Edge of town - Schiele
Oscila el tiempo. Se hacen largos
estos días de relojes empecinados en una morosa manía circular. Llueve ahí
fuera sobre la ausencia de movimiento que atestiguan los árboles desnudos, las
calles mojadas y el anochecer ceniciento, tardo y callado. Ritmos clandestinos
del moribundo invierno, de almas noctámbulas que se esconden recelosas,
cansadas de estos largos meses, aguardando la luz del nuevo día. Simplemente
describo un escenario: el que es, porque no hay otro. Me me levantado a mirar
lo oscuro tras la ventana, reparo en lo que tengo a golpe de vista y termino
preguntándome por aquello que me falta. Entonces se me improvisa tu imagen y te
digo: ¿Dónde estás, Miralles?
Echo de menos tus cartas. Por
eso, saco el hatillo de sobres que las guardan y, desde ese llevadero
desconsuelo de la distancia, releo alguna de las líneas que, como surcos en la
tierra, has ido sembrando de palabras para mí. Según lo hago, noto cómo algo me
aparta de este oscurecer húmedo y gris, despabila mis sentidos y me inocula más
de un pretexto para retomar el lazo que nos une e imaginar que estás en el otro
cabo, sintiendo el breve tirón que imprimo desde el mío... para decirte que
estoy aquí. Tal vez hoy tengo los biorritmos bajos, un valle en lo intelectual,
escaso el rendimiento. Llevo un tiempo en que apenas escribo, a causa del
ruido: Es el ruido el que no me deja escribir, el ruido de las pequeñas cargas
y pesadeces cotidianas. Pero, sin saber cómo, invento este vuelo de palabras,
como si al dirigirme a ti, recobrara el tono en las mejillas, el color. Sí, el
color del momento cambia, cuando te hago destinataria de mis pensamientos, y
deserta mi ánimo del invierno exterior para irisarse en un limbo doméstico de
sereno y agradable recogimiento. Exploro las posibilidades de comunicarme
contigo, más allá del pensamiento y la palabra, del gesto intuido; más allá de
la definición de este ámbito de amistad que hemos sabido crear. Te escribo, te
llamo por tu nombre, te construyo, y compruebo que, en la medida en que interpreto
algo, lo estoy desarrollando, edificando. La misma vida, el hecho de vivir
(decía, en El túnel, María Iribarne)
“consiste en cimentar futuros recuerdos”. ¿Qué haremos de los nuestros, algún
día, cuando los pasajes de hoy sean eso, justamente recuerdos?

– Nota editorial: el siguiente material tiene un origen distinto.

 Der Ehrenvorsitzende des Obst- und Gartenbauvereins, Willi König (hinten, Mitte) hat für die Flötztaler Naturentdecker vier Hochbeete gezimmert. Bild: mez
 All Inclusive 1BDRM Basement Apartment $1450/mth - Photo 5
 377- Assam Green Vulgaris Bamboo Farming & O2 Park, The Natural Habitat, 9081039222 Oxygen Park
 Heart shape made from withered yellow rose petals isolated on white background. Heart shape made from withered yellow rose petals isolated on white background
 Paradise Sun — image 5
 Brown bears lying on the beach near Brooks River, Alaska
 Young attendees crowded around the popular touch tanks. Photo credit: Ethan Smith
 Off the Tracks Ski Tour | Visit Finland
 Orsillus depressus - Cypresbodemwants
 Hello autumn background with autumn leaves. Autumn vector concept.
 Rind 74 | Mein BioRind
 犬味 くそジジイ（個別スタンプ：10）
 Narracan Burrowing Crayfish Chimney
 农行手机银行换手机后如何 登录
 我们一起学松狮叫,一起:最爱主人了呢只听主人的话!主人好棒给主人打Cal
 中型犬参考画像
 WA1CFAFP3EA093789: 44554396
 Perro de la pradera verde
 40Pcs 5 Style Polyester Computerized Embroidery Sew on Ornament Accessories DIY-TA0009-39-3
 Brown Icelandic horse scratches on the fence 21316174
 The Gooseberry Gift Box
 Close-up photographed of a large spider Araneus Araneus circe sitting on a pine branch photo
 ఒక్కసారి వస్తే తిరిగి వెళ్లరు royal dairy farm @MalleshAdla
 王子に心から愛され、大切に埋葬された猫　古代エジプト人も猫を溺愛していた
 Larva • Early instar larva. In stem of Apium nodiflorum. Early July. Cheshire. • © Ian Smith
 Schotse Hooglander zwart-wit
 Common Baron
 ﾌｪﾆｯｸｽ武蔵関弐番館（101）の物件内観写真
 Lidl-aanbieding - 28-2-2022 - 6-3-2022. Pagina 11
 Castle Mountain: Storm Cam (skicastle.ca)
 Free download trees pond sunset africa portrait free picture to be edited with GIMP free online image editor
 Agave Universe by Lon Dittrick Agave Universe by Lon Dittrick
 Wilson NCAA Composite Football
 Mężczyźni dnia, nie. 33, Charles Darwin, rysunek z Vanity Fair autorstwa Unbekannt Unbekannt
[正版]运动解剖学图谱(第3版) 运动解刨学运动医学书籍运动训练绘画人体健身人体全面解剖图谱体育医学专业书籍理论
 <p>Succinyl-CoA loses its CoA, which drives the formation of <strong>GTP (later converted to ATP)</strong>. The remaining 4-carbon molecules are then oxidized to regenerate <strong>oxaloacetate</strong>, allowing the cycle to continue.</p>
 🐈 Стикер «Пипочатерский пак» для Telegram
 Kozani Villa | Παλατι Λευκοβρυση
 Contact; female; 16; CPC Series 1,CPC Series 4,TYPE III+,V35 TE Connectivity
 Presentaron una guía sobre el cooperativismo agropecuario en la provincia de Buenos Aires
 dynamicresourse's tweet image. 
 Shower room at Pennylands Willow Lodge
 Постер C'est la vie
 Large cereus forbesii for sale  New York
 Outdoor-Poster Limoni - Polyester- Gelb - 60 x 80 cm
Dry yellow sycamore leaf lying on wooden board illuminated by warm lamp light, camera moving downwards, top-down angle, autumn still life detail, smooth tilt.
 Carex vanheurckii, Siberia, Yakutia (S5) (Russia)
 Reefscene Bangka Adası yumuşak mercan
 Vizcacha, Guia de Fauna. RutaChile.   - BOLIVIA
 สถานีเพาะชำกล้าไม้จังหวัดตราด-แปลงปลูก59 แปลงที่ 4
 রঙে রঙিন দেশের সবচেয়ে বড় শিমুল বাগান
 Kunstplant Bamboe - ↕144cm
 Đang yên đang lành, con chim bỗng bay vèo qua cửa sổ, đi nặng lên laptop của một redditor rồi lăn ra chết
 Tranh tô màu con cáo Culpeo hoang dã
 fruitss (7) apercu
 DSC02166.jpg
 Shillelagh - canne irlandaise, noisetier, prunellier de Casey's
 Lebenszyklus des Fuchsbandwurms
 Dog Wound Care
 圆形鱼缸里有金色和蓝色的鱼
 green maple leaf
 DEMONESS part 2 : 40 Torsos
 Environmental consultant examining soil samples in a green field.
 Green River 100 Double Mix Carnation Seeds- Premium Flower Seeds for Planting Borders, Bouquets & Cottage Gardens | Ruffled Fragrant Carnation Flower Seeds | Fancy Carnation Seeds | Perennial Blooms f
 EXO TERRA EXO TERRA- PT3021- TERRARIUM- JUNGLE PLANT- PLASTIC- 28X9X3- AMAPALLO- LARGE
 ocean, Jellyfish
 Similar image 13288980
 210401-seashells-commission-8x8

¡Ah, algún día! Eso me remite al
tiempo, esa trampa vital, la emboscada que el azar nos tiende obligándonos a
transitar por tan insospechados senderos. Hay algo tan inapelable en la velocidad
con que se sucede todo, que decir mañana no es muy distinto a decir hoy. Y me
pregunto si cuando escribo no hago sino, estúpidamente, desafiar el paso del
tiempo. Escribir. Tal vez el arte nace de la necesidad de expresar y crear,
pero también de trascender la insignificancia que supone ser uno y único, ante
el cosmos y ante la vida. Escribo, entonces; sí, pero más que por perpetuarme
en no sé qué inabordable quimera, hoy escribo sólo para que existas, Miralles.
Y felizmente lo consigo.
Ha avanzado indiferente la noche
ahí fuera y, con ella, la oscura quietud. Todo parece haberse detenido: la
gente, el tiempo, la misma tierra que nos acoge... mientras miro con reproche
el reloj, recojo un par de cosas y, antes de retirarme, tiro una vez más
suavemente del lazo con mis manos e imagino que sientes su momentánea tensión en las tuyas.
Luego, te envío un beso y apago todo.